Rushdi Huq, a station agent from Astoria, said the loss of these jobs could be devastating in a city that often relies on the token booth workers to aid everyone from crime victims to lost tourists.
“If Ahmed hadn’t been there, the assault could’ve turned deadly,” Huq said of the July 4 incident. “Because of us, along with police officers, we’re preventing crimes. We should not be sent home while terrorists are planning attacks.”
Vice President Mark Henry of the ATU Local 1056, the transit workers union, said the MTA not only needed to retain station agents but rescind service cuts to buses in Queens. The borough recently was hit hard by MTA service cuts and now-extinct Queens routes include the Q14, which covered Flushing and Whitestone; Q74, which traveled to Kew Gardens, Kew Gardens Hills and Queens College; Q75, which ran to Jamaica, Jamaica Estates, Fresh Meadows and Oakland Gardens; and Q89, which went from South Ozone Park to Jamaica. Several Queens express routes were also eliminated.

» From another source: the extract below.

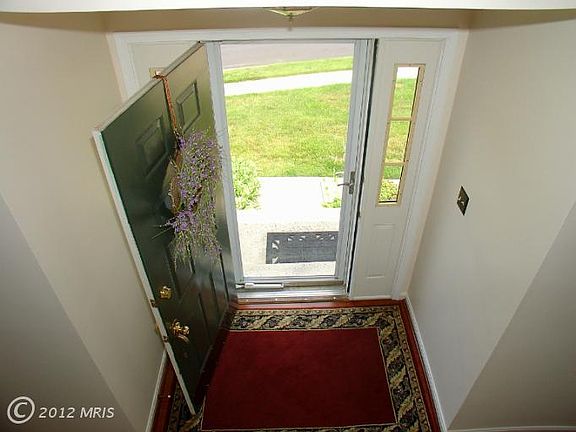 4th image of 4326 Foxglove Ct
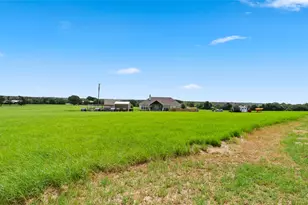 1606 Co Rd 216, Giddings, TX 78942 - Photo 34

“Mass transportation, especially the buses, is truly necessary, especially in Queens,” Henry said. “People need to call the mayor to tell [MTA Chairman] Jay Walder to restore the funding and put Queens back on the map.”
Maurice Jenkins, vice president of the TWU Local 100 station division, called on the MTA for it to heed what he said were public wants.
“I’m hoping for once the MTA actually listens to the public,” he said.